That parameter is related to data encryption on RPC when a client connects.
I never checked, but if you use it without kerberos you should have
encryption without authentication. So, for example, if you do:
hdfs dfs -touch /tmp/myfile
the file will be owned by the user that is running the hdfs command, the
user must exists on all machines.
The only difference compared with a non-secure configuration will be
that the data between client and server will be encrypted using
symmetric encryption.
I'm not security expert, but I think (*I'm theorizing*) that in this
case there is a security risk related to the handshake in the initial
connection, so you should run the command in this way only from a
trusted host.
--
Antonio
Il 10/02/20 23:52, Daniel Howard ha scritto:
On Wed, Feb 5, 2020 at 11:29 PM Antonio A. Rendina
<arendin...@gmail.com <mailto:arendin...@gmail.com>> wrote:
I never configured the access token, so I don't know how it works,
but I think that you should also set:
hadoop.rpc.protection=privacy
Question: can one use *hadoop.rpc.protection=privacy* /without/ Kerberos?
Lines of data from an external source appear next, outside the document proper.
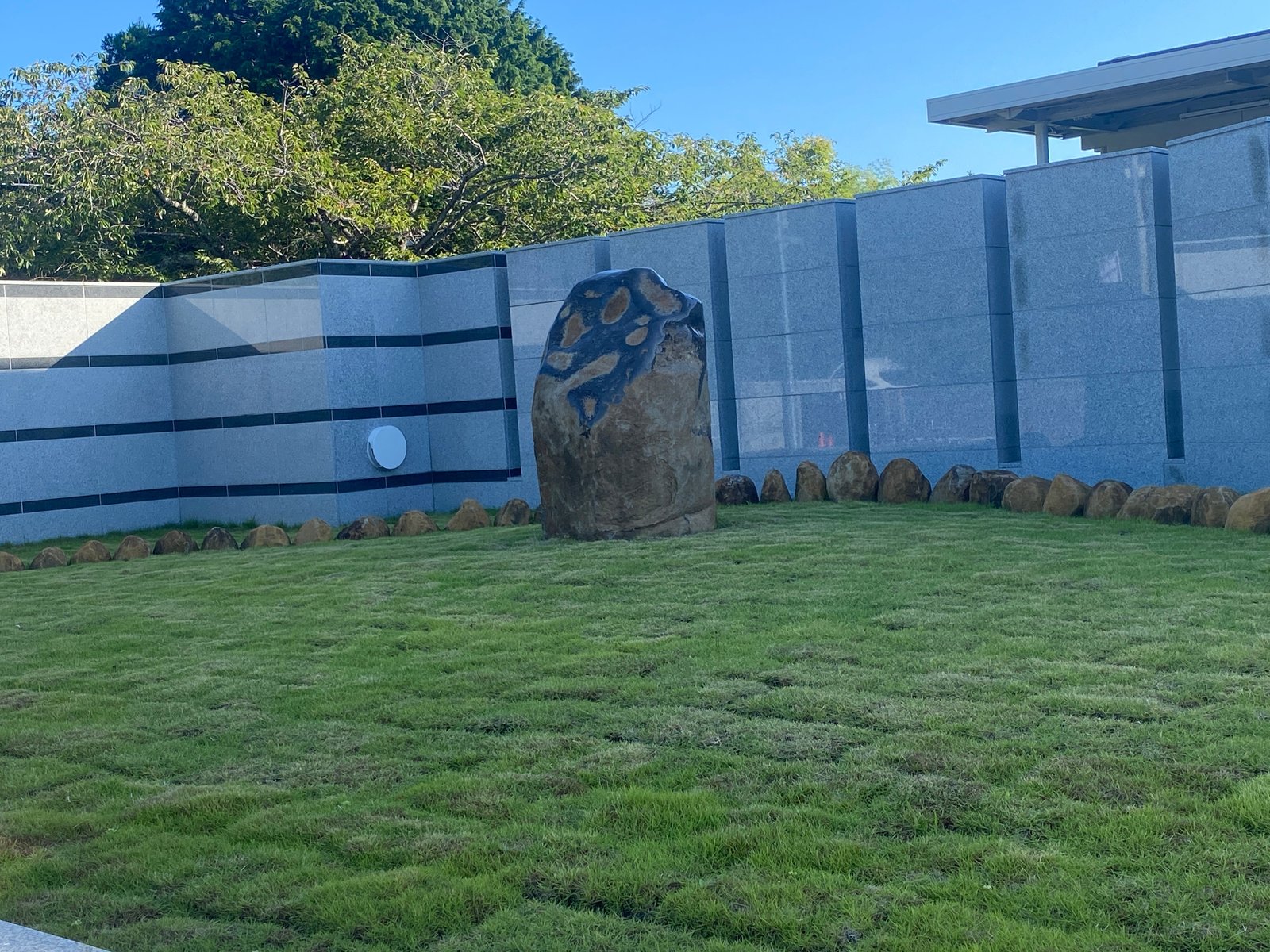 平和台霊園 永代供養塔「天空」
― 伊達冠石による自然石モニュメント ― - 追加画像5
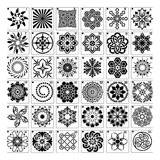 Paquete De 36 Plantillas De Dibujo De Mandala Con Puntos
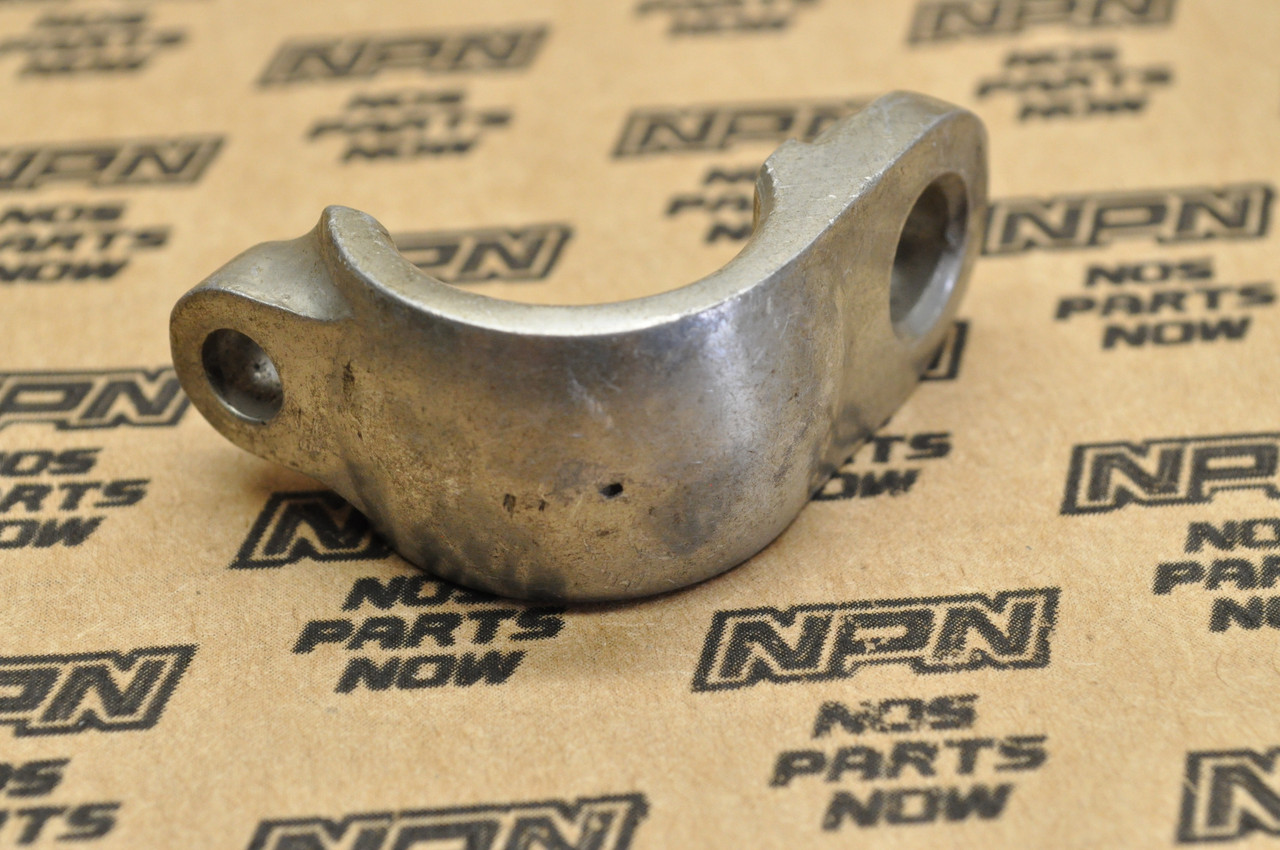 NOS Honda CA95 CA72 CA77 Upper Mirror Bracket 88131-257-810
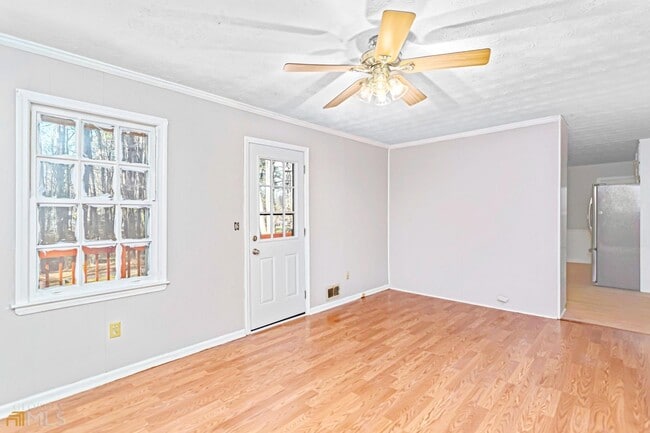 Building Photo - 4437 Casco Way NW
In theory, SASL can be used independently of Kerberos, but I haven't
found an example for doing this with Hadoop, yet.
As for my original question ... after I enabled encrypted data
transfer for block data transfer I did some filesystem benchmarks and
there was plenty of performance impact to let me know that /something/
was afoot. :)
-danny
--
http://dannyman.toldme.com